=== REQUIRED ACTION ===
Below are records with pictures; copy word for word only the lines between the line with "Kyaw Soe Oo" and the line with "Casa com 1 Quarto", inclusive, and drop the pictures.

=== DATA FOR ANALYSIS ===
***
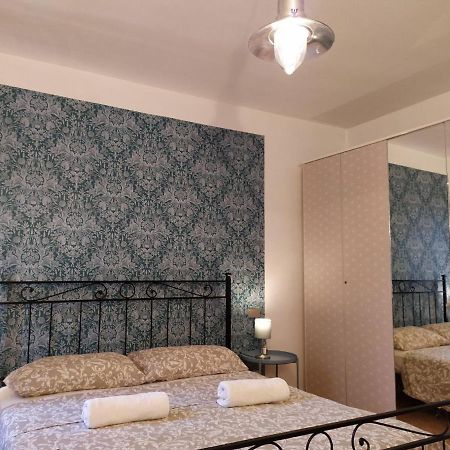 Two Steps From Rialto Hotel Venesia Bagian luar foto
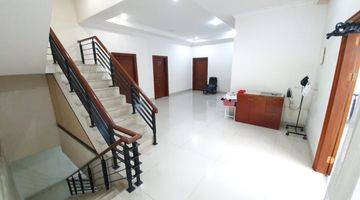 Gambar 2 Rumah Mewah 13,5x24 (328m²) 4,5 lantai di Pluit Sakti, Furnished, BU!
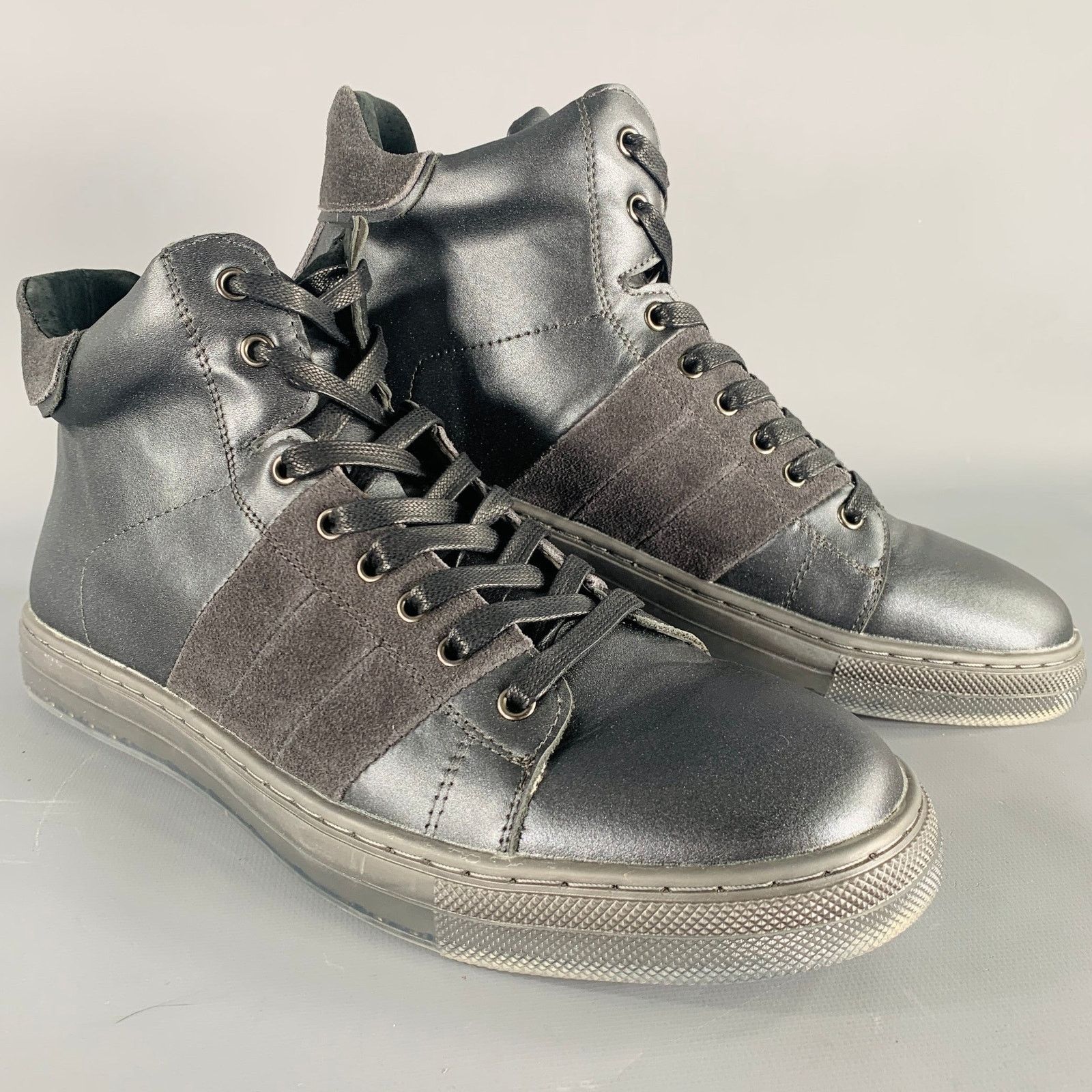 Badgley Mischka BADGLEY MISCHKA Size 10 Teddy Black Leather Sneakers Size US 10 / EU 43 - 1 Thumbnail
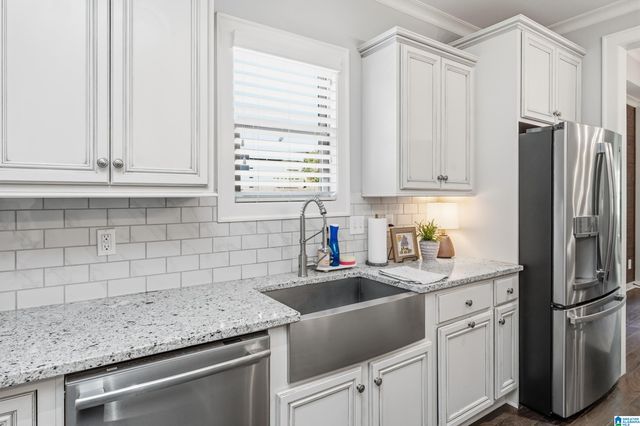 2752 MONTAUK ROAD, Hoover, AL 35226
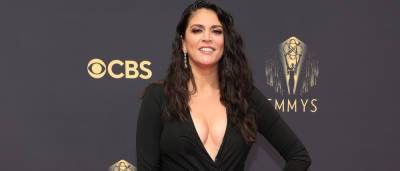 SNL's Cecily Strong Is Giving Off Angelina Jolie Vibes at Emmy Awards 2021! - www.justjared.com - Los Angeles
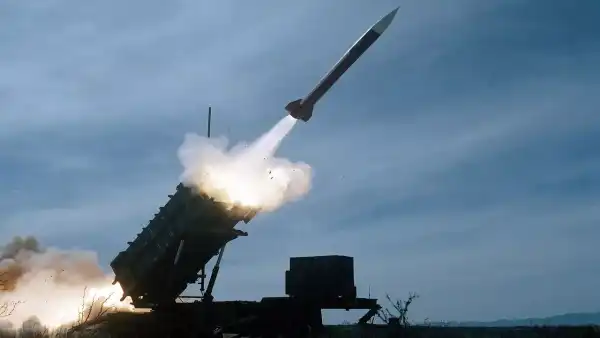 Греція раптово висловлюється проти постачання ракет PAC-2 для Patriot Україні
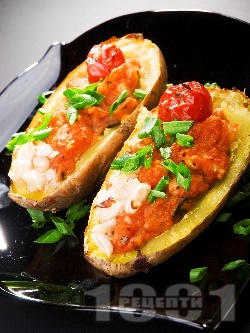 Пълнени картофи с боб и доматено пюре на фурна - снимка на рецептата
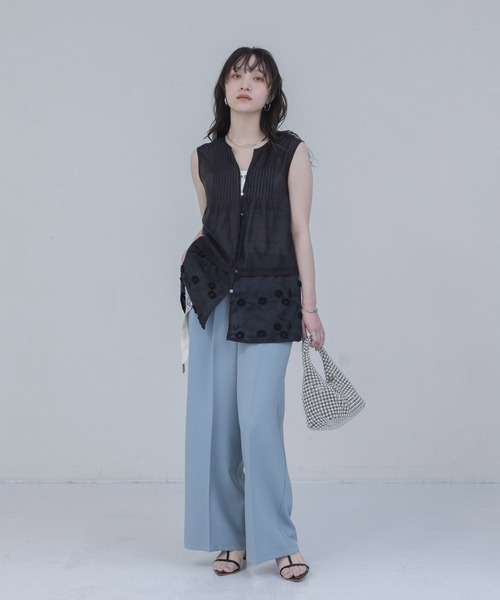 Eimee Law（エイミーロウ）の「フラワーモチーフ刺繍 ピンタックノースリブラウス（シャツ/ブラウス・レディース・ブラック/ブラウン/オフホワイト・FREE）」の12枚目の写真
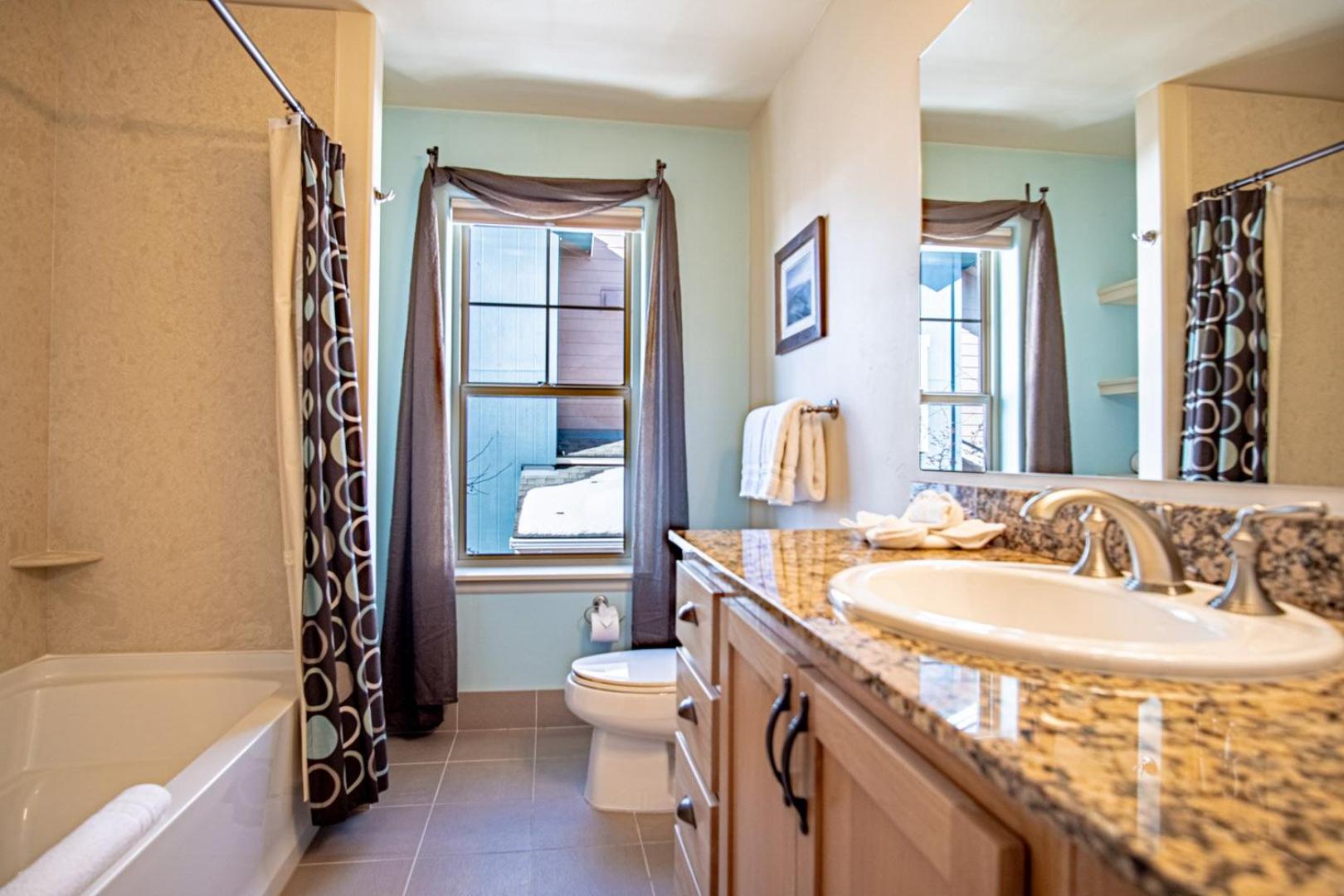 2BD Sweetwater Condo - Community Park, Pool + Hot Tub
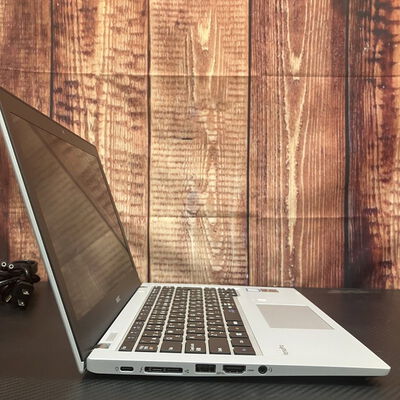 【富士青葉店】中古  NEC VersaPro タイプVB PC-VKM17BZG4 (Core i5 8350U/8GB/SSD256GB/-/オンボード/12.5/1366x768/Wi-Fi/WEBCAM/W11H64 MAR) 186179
***
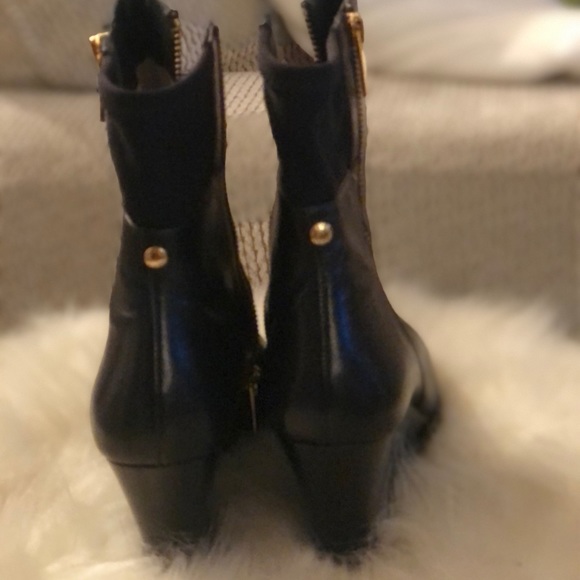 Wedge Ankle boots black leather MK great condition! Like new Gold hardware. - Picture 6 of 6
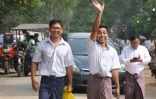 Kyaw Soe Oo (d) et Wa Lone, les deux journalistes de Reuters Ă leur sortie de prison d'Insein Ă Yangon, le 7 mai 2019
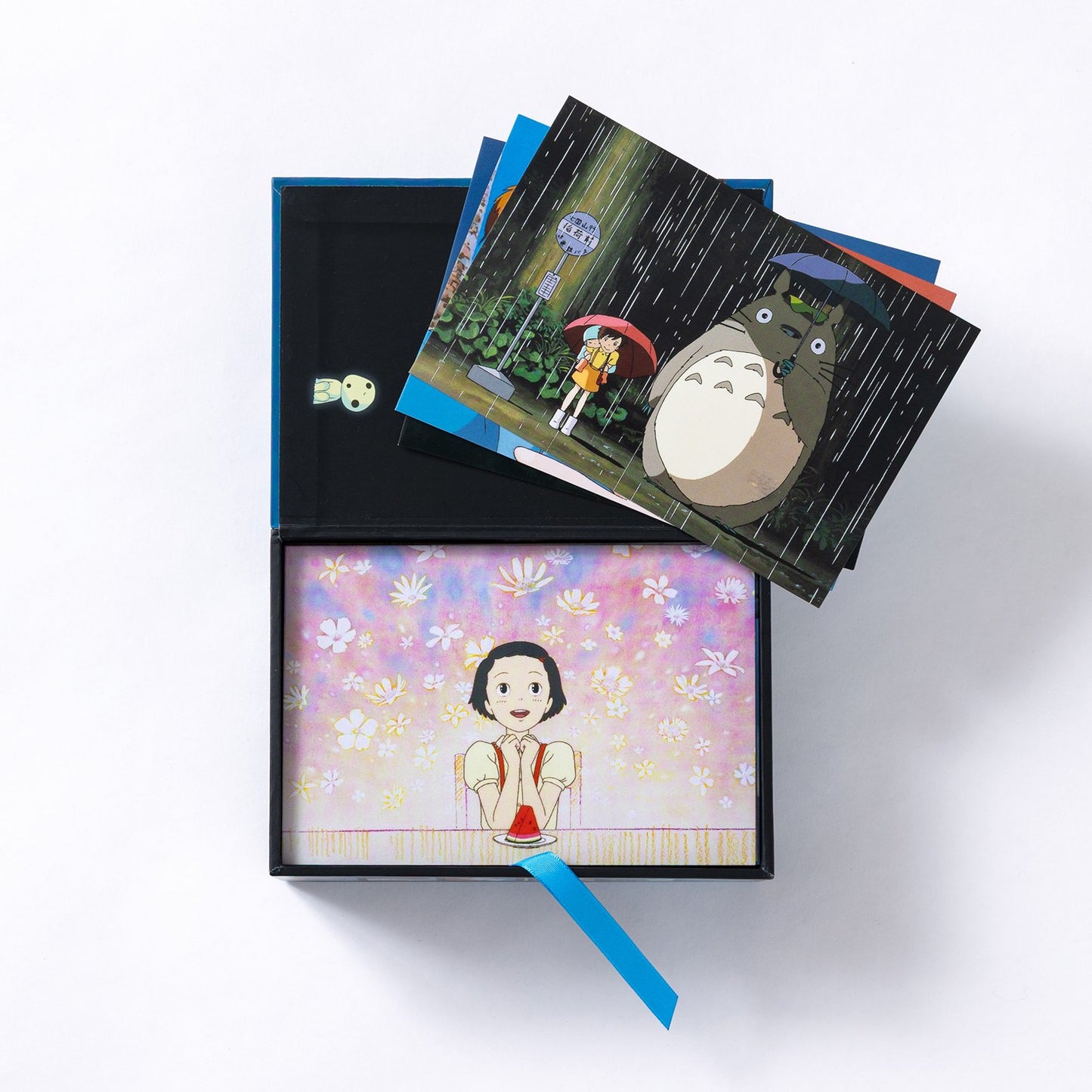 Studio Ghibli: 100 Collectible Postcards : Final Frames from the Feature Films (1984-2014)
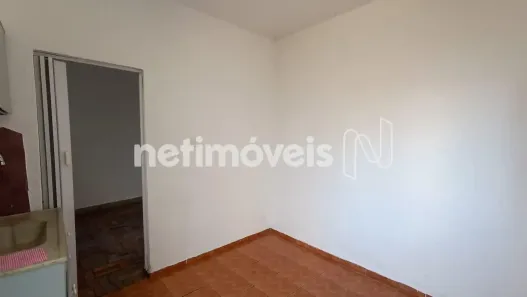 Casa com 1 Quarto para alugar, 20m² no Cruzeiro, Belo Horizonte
***
=== YOUR RESPONSE ===
 Kyaw Soe Oo (d) et Wa Lone, les deux journalistes de Reuters Ă leur sortie de prison d'Insein Ă Yangon, le 7 mai 2019
 Studio Ghibli: 100 Collectible Postcards : Final Frames from the Feature Films (1984-2014)
 Casa com 1 Quarto para alugar, 20m² no Cruzeiro, Belo Horizonte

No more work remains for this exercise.